Once the constitution comes into force, there is a contract between the company and all the participating members as well as between the members themselves.

  • The company's liabilities and obligations belong to itself. They are not those of members.
  • The company will have a separate set of rights. These are not those of the members.
  • Section 39(1) of the Companies Act confers on each member of the company a special right to initiate action to implement the regulation of the Constitution or make sure it's infringement does not happen.
  • If the court of law comes to know that constitution rules have been violated, it could order for strict compliance of the constitution or orders for compensation for the loss borne by the innocent parties.
  • Only Section 39(1) is related to the right that affects company members in their individual capacity as a member. It is not those in their individual personal capacity.
  • The constitution provides special powers (veto) to company director. The director can initiate the court to enforce compliance with a particular provision. The reason is the right affects his in his director's capacity. It is not as a member of the company.
  • A member has a limited number of shares. He has to make a declaration to ACRA of his choice to take shares of the company.

Once framed, the constitution of the company has to be signed by all the members and has to be kept in the company’s registered office.

How to make amendments to the document?

To bring out an amendment in the constitution of a company, a special resolution has to be initiated. It must be passed in a Extraordinary General Meeting (EGM).

To initiate the special resolution 75% of the members must support. For this, members should be served an communication 14 days (for private companies) or 21 days (for public companies) before the EGM.

Note that the amendment will be integral part of the constitution and will be in force from the date of special resolution or any other specific date.

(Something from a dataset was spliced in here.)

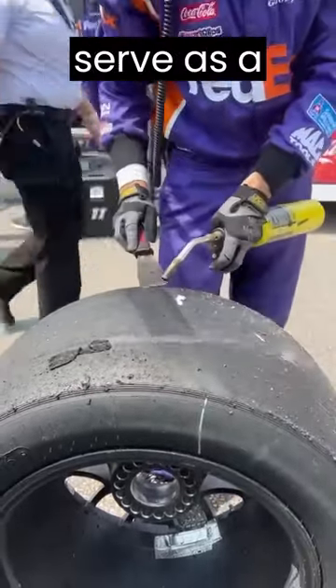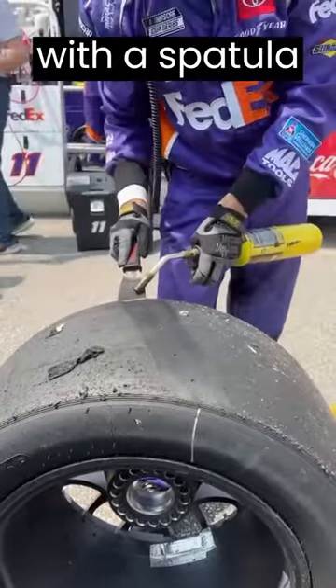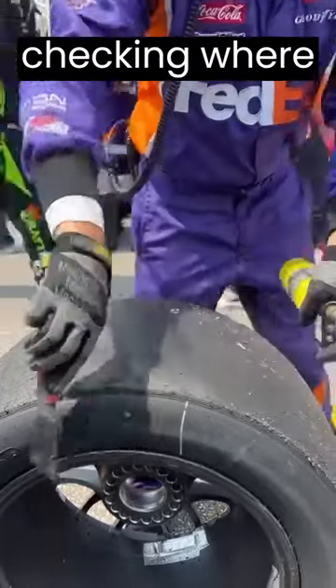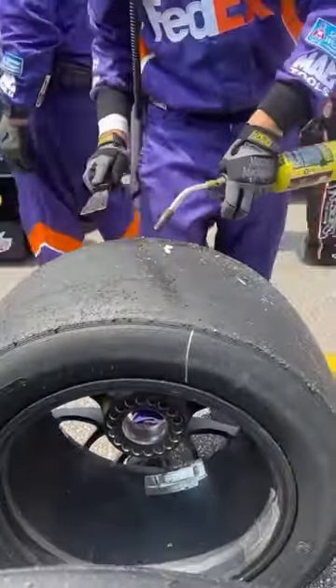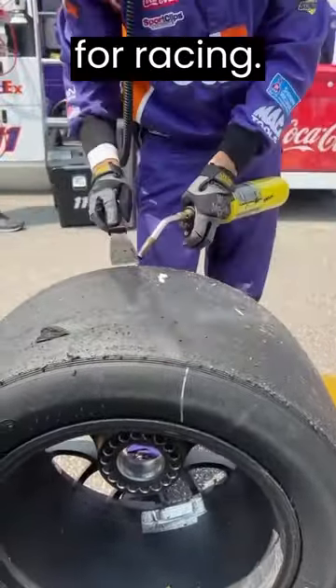Racing tires have built-in dimples that serve as a visual reference for the tire's wear level. Removing debris from a racing tire with a spatula and heat often includes checking these wear indicators or dimples. Visible dimples suggest usable tread depth, indicating the tire's suitability for racing.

Once the amendment process is done, the company has to forward a copy of the special resolution as well as a copy of the amended constitution to ACRA. This has to be done through BizFile+ website. This has to be done within not more than 14 days of passing the special resolution. The ACRA circulates a notice of the resolution being registered.

Thus, the memorandum and articles of association Singapore is a significant and elaborate document. It details all the things with respect to conducting business, managing the company and other aspects. All this is aimed to rule out ambiguity anywhere in the company.